Obama has been the very living embodiment of American government power for the past 7 years, and not too reluctant to use it against enemies, and just random citizens, both foreign and domestic—whether it comes to foreign policy, spending, taxing, regulating, and arresting. Thus, I doubt any alleged lack of love for the U.S. of A matters in any way that Giuliani or the people delighted to hear him say it might think.
If this supposed lack of love for America merely means an occasional intelligent ability to question the probity and morality of certain of the U.S. government's actions in the past or present, it could be about the best thing about our president.
That being said, and what Giuliani said being said, it's a pretty silly thing to dominate the commentary cycle as it has. People on either side jumped on this sentence spoken by a former mayor like the prize horse that was going to take them across some political finish line, gleeful that supposedly vitally important hidden truths widely believed by America's talk-radio listening right populists were coming from someone of the apparent serious heft of Giuliani.
Or, alternately, gleeful as the supposed dark racism and other-ism and sheer mindless Obamahate that motivates the right is exposed.

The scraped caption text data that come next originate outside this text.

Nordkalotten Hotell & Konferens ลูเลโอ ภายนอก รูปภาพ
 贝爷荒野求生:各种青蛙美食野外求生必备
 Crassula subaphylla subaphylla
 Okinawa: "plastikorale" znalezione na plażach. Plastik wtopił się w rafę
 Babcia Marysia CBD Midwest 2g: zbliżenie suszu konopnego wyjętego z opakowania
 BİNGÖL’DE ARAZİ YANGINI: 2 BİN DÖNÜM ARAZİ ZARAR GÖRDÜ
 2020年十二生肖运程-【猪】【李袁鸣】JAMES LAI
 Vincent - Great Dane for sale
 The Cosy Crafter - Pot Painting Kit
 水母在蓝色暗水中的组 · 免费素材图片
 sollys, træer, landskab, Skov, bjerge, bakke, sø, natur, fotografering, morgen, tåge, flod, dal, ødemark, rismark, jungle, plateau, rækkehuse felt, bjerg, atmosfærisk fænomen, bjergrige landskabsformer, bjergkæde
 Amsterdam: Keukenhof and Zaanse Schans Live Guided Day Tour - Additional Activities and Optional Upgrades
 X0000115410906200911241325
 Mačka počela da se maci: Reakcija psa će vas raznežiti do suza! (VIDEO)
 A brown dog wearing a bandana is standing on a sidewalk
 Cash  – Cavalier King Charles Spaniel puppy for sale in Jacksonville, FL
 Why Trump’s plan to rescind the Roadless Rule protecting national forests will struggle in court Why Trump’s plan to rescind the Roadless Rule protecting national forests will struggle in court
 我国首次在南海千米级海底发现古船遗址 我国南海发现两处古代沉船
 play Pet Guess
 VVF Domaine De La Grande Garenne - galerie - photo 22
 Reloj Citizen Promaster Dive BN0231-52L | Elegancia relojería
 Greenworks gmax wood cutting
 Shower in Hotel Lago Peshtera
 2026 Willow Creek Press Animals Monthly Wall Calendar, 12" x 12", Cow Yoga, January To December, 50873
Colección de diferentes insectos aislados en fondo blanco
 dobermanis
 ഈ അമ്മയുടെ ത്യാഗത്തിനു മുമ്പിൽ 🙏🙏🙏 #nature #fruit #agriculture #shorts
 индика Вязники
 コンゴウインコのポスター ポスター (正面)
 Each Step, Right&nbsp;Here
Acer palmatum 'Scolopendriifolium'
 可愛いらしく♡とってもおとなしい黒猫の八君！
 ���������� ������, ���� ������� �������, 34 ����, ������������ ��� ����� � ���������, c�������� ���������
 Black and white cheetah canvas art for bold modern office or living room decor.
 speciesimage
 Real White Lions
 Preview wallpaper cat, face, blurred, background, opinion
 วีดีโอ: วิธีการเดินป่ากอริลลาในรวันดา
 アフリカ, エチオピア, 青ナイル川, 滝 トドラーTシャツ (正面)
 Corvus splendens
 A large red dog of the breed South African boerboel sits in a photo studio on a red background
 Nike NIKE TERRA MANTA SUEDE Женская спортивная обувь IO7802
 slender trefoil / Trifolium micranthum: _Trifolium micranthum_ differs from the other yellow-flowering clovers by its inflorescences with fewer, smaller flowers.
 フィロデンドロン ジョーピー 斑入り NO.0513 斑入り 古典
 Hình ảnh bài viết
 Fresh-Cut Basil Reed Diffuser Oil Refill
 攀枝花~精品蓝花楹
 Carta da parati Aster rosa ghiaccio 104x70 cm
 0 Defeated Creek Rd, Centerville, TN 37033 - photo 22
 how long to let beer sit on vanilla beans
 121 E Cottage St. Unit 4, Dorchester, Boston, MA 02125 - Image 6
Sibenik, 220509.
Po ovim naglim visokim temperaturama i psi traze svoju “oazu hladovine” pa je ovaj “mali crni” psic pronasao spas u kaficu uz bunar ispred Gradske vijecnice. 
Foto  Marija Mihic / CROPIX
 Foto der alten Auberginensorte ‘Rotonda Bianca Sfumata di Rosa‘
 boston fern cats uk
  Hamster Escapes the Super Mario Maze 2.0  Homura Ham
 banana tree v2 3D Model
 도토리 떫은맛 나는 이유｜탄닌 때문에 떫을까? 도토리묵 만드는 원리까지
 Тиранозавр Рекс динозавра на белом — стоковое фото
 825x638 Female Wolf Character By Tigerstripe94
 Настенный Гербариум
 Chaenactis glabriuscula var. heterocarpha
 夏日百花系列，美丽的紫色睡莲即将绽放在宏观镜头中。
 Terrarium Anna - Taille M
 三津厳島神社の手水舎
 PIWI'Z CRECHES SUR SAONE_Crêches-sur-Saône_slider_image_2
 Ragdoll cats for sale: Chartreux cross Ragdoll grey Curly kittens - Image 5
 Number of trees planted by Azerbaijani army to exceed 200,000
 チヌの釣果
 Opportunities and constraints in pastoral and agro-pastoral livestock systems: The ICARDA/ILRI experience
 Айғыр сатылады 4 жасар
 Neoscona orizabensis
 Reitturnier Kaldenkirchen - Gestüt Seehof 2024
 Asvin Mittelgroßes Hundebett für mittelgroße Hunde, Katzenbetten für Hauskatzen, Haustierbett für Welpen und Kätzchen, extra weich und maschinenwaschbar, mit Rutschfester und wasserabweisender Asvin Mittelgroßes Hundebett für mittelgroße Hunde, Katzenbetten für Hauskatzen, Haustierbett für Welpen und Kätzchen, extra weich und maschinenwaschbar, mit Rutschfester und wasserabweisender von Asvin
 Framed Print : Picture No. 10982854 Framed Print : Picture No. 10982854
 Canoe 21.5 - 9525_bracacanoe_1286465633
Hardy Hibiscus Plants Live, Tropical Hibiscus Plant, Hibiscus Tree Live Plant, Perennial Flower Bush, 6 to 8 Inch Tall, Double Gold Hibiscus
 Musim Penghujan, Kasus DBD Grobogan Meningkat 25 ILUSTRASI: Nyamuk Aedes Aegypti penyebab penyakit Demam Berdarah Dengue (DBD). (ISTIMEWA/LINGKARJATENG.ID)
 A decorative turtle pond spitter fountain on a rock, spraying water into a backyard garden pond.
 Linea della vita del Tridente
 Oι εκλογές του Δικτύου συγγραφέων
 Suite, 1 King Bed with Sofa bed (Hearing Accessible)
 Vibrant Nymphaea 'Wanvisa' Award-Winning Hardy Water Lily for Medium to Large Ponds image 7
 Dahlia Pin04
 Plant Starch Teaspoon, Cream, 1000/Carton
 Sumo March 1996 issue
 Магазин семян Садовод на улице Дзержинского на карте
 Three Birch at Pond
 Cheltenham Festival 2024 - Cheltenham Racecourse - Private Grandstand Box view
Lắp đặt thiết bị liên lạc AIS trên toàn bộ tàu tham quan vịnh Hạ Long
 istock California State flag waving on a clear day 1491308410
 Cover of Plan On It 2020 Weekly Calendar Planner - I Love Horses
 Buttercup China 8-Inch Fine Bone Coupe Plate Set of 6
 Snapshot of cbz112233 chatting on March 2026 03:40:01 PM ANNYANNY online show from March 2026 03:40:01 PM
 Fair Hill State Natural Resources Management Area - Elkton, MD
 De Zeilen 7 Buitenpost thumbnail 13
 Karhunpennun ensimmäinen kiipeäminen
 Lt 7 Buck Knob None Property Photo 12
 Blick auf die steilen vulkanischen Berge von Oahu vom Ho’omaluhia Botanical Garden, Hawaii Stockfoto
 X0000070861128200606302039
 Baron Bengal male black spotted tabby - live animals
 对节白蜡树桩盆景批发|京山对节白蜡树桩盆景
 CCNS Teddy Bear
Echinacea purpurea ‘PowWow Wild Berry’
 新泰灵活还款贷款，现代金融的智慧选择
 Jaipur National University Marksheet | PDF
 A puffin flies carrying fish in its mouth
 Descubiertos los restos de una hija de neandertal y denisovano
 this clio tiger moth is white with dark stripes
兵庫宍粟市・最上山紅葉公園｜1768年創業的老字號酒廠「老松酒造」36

Caring that much either way seems a waste of time, but Americans do like a chance to revisit the vitally important topic of how just awful their political opponents are, those America-hating or patriotism-questioning bastards surrounding us.
Sen. Rand Paul (R-Ky.) wants to win over not-traditionally-Republican votes in his hoped-for run for president in the general election in 2016. It's interesting to watch him gingerly stake out territory distinct from what the average intelligent independent voter leery of the GOP might think of as the grosser aspects of Republicanism, the sort of questions of tone, spirit, and tactic that can turn people off more than some specifics of policy.
So Paul told a Kentucky news station, as Mediaite reports, that:
"I think it's a mistake to question people's motives. It's one thing to disagree on policy."
Paul said he's not interested in questioning whether Obama's a "good American or a bad American," because while he may blame the president's foreign policy for making the U.S. less safe, he's not going to question whether Obama's "well-intentioned."
Like Guiliani's Obama, Rand Paul might not love you and he might not love me. And whether this sort of reasonableness will do Paul any good with voters generally skeptical about the GOP who might find it hard to see past, for example, his stands on issues such as abortion, taxing the rich, and cutting spending remains to be seen. But right now it's nice to see Paul not taking the silly road when taking that silly road might make things easier with his own Party's core voters.